The clearest expression of the earth-to-president complaint comes in the ad you say is your favorite, “Doesn’t Get It.” This is that spot that begins with the “Mission Accomplished” banner and responds with a wicked slam at Bush’s leadership in general: “How can you solve a problem when you can’t see it?” That, too, would be a great slogan for Kerry and his surrogates to repeat ad nauseam (they won’t). But the whole second part of this ad focuses on something else: the notion that Bush has no plan for fixing Iraq, while Kerry does. To me, Kerry’s “plan”—elections, Iraqification of the war, getting allies to help more—doesn’t sound so different from Bush’s current policy. It’s a convention for ads like this to move from negative to positive. But here Kerry’s much mealier positive argument blunts the stronger, negative swipe in the first part of the ad.

And it’s downhill from there. Take the most recent of these spots, “You Saw,” which was released on Oct. 6. The novelty of this ad is its rhetorical cast. Instead of trying to persuade, the ad asserts that you, the viewer, are already persuaded. “You’ve seen Dick Cheney not tell the truth on Iraq and on his financial connections to Halliburton,” the narrator declares, describing the vice presidential debate. Some viewers may want to respond, “No, I didn’t see that—I was watching the baseball game.” Insisting that others must agree with you may be a novel technique, but it seems overbearing to me. I was on a criminal jury recently and felt similarly resentful when the lawyers told me in their summations what I’d seen and heard from the witnesses. Even where I agreed with them, it felt hectoring.

But the real problem with this spot, as with the others, is that it’s an overfilled suitcase. “But when it comes to Iraq, the economy, the deficit, health care costs, gas prices, and more, you’ve seen the Bush-Cheney failures for yourself.” You can hear the haste in the narrator’s voice as he attempts a mad dash through all of these issues in just a few seconds of airtime. Will, this ad is a hedgehog run amok. It tells you many small things about what Bush has done wrong. But it neglects to hammer home the one big thing: Bush’s early retirement to la-la land.

“Reasons” is yet another case in point. Displaying multiplying images of the president, it notes that Bush has repeatedly changed his rationale for going to war.

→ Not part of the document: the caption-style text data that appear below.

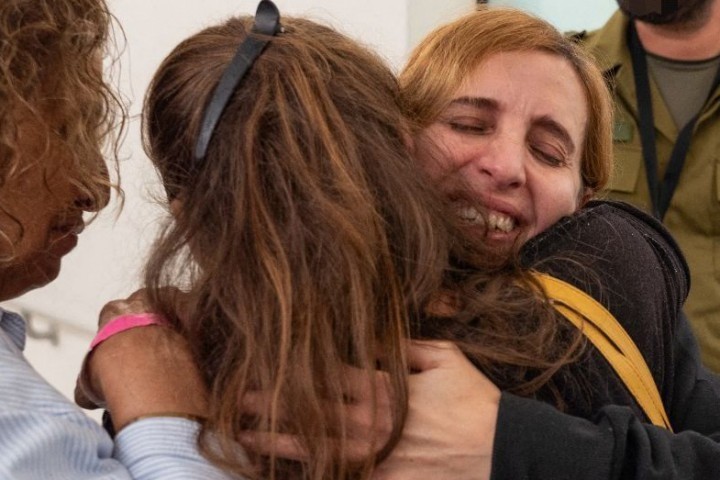 Reféns reencontram familiares em Israel — Foto: AFP / Exército de Israel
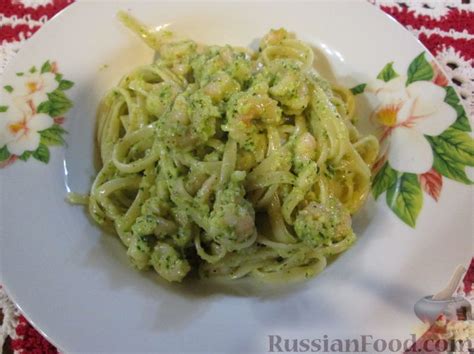 Рецепт: Паста (лингуине) с креветками и соусом песто из цуккини на ...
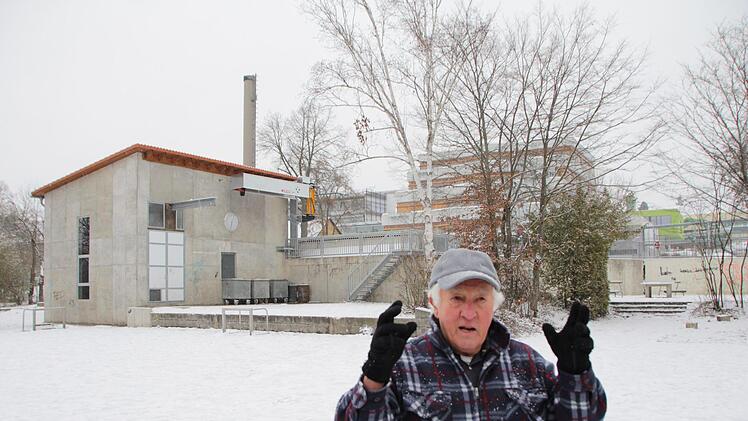 Hans Krautblatter auf dem ehemaligen Hartplatz, auf dem die Stadt Wohnungen bauen will. Er ist mit dem Kompromiss zufrieden. Foto: Andreas Dorsch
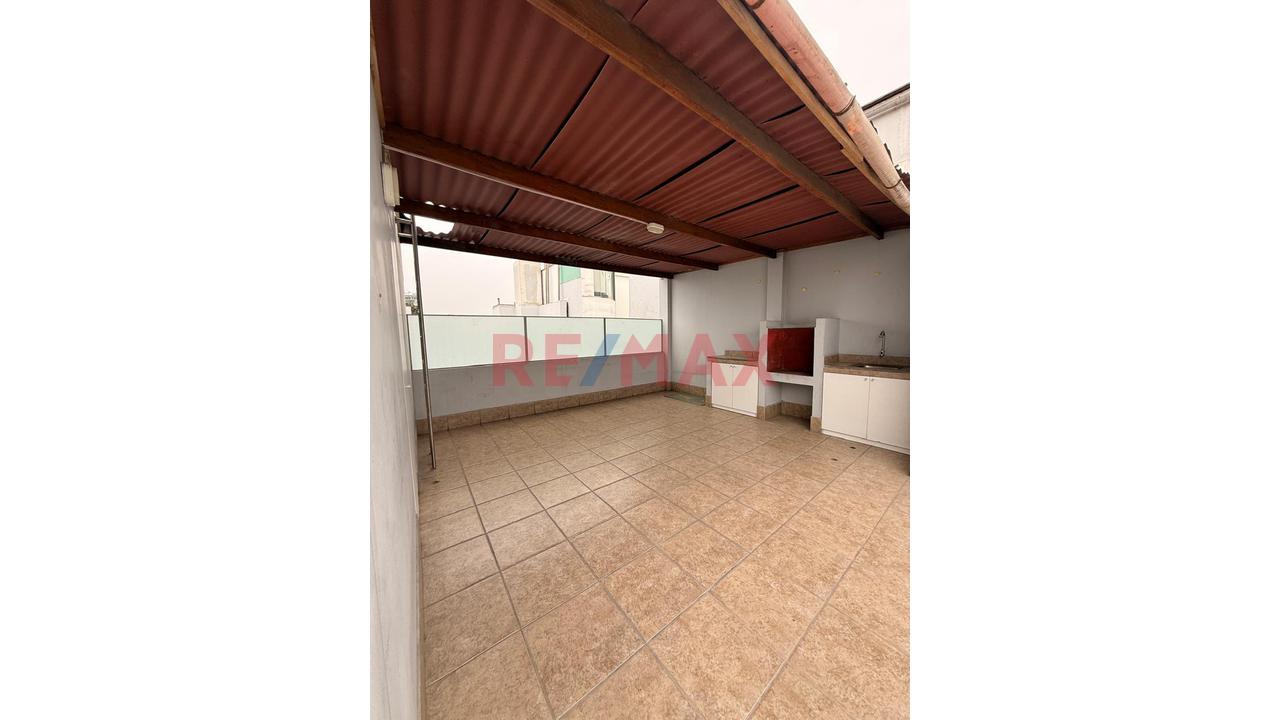 Venta De Hermoso Departamento De 2 Dormitorios Con Vista Exterior En Urb La Aurora – Miraflores — foto 11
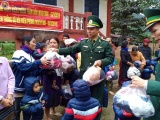 Đồn Biên phòng Cù Bai tặng 400 chiếc áo ấm cho Trường MN Hướng Việt và Hướng Lập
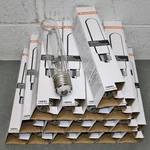 (17) Sylvania Lumalux Et18 Hid Light Bulb Lu400/eco, 400w 2100k, E39 Mogul Screw. Fixed Price $139.95.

It also notes that Bush’s chief arguments—weapons of mass destruction and connections between Saddam and al-Qaida—were “not true.” It also notes that things in Iraq are going very badly with “Americans being held hostage, kidnapped, even beheaded.” It also notes that Bush doesn’t have a plan to fix Iraq. Each of these criticisms of Bush’s Iraq policy—contradiction, deceit, failure, the lack of a future policy—could have some bite if isolated, played up, and hammered home. But the litany is more than the poor TV-watching brain can absorb in 30 seconds. Meanwhile, the stronger, unifying point emphasized in “Doesn’t Get It” has gone missing.

Kerry is now making the point you’ve been agitating for, Will. But he still isn’t saying it strongly or clearly enough—in these ads or elsewhere.